Abortion was already a decades-old reform issue by the time of the Comstock Act’s passage. In an aggressive bid for professional dominance, the American Medical Association (AMA) and its members sought to shut down the medical practice of “irregulars” beginning in the 1840s. Part of this initiative involved drafting new antiabortion laws that were meant to eliminate competition.[15] In the years just before and after the Comstock Act’s passage, AMA members helped to author and ratify over thirty separate antiabortion measures in state and territorial legislatures.[16] Many of these laws had various forms of therapeutic exceptions, however, that continued to allow for abortions by licensed physicians (and in fact, put them solely in charge of performing them) for medical reasons.[17]

In the Comstock Act, the final inclusion of the phrase “unlawful abortion” thus helped to preserve the specifications of already extant abortion laws in the states. Comstock sniped in his diary (without providing evidence) that Edmunds’s medical exception amendment probably stemmed from having “friends in this business that he desires to shield,” referencing abortion-performing “irregulars” or even perhaps a trained doctor who was performing them for money outside legal bounds.[18] More likely, Edmunds may have been thinking of eliminating confusion and repeating similar exemption language that already existed in most state abortion laws of the time. His home state of Vermont had passed its first abortion law in 1846 as part of an overhaul of its general criminal code, and then updated it in 1867, one year after Edmunds joined the U.S. Senate. Vermont’s state medical society had lobbied for the update and sought to restrict abortion on “any pregnant woman” as well as the sale of abortifacients by “any merchant, druggist, peddler, or any person whatever” who would compete with regular physicians.

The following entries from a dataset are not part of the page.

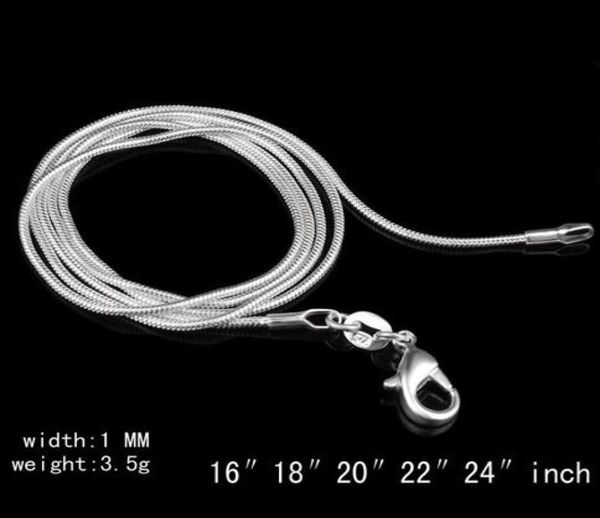big promotions 100 pcs 925 sterling silver smooth chain necklace lobster clasps chain jewelry size 1mm 16inch --- 24inch3796229
big promotions 100 pcs 925 sterling silver smooth chain necklace lobster clasps chain jewelry size 1mm 16inch --- 24inch3796229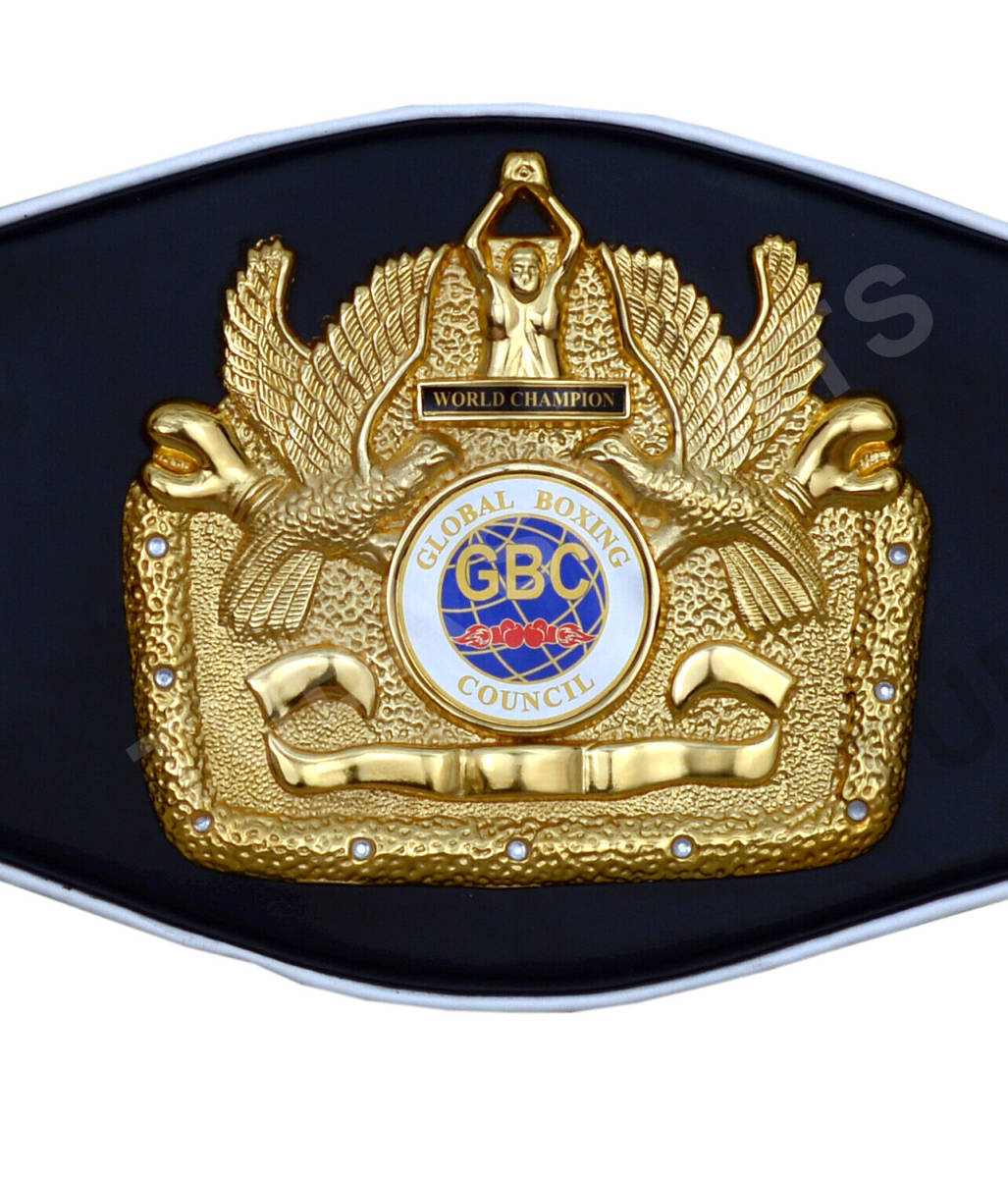 海外　限定品　送料込み　GBC Global Boxing council　ボクシング　ChampionshipBoxingBelt チャンピオン　優勝　ベルト　高品質　レプリカ_画像1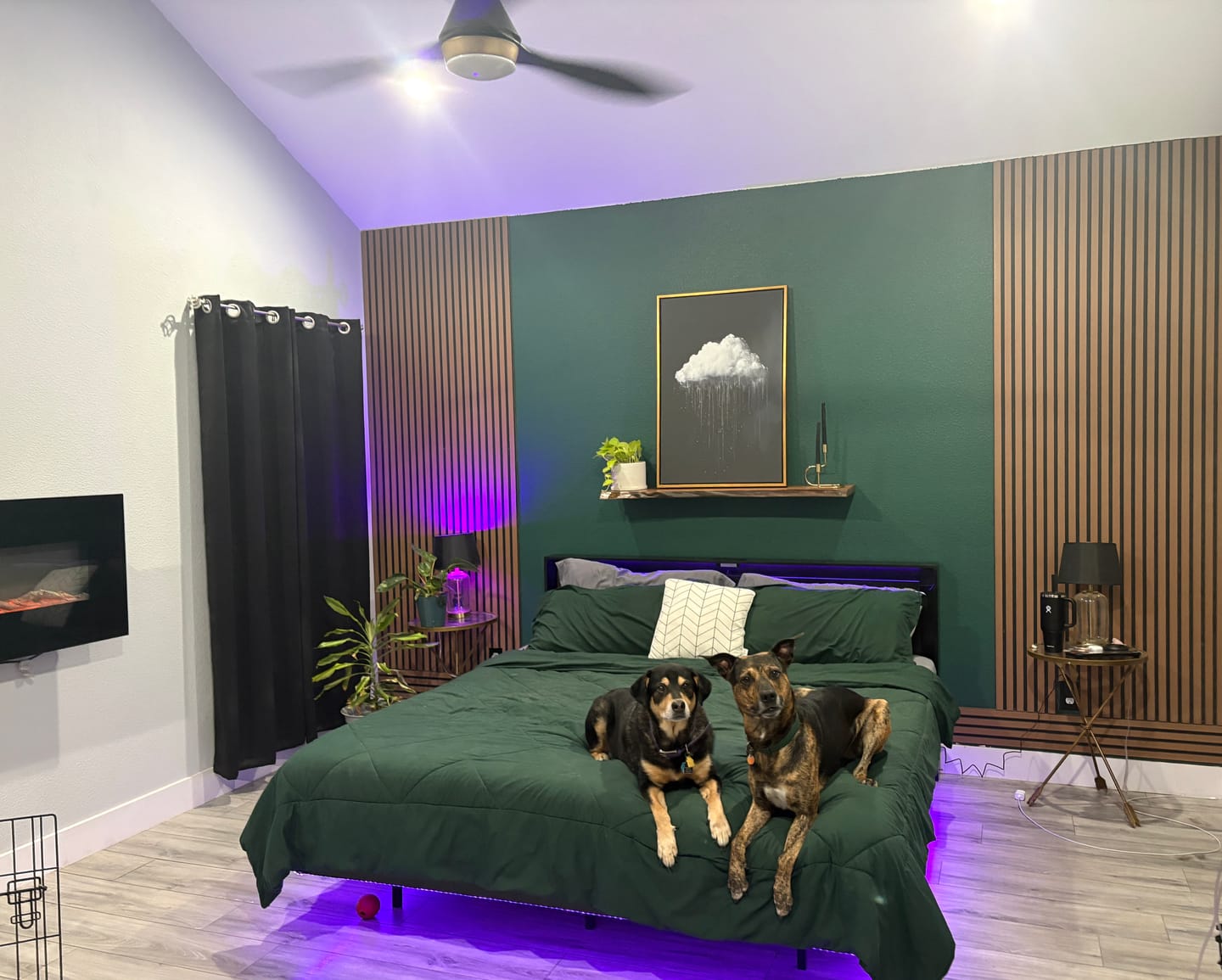 Customer photo review of Midnight Rain Print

It also preserved a life exception and specifically exempted the pregnant woman from criminal liability.[19] Birth control reformer Mary Ware Dennett also observed the unlikelihood of a total ban in her comprehensive 1926 study, Birth Control Laws. “Why [the medical exception] was later omitted does not appear in the [Congressional] Record,” she wrote, “but its original existence proves that there was at least some glimmering of realization somewhere that a wholesale prohibition was not the aim of the statute.”[20]

Mary Ware Dennett, ca. 1892-1896. Schlesinger Library.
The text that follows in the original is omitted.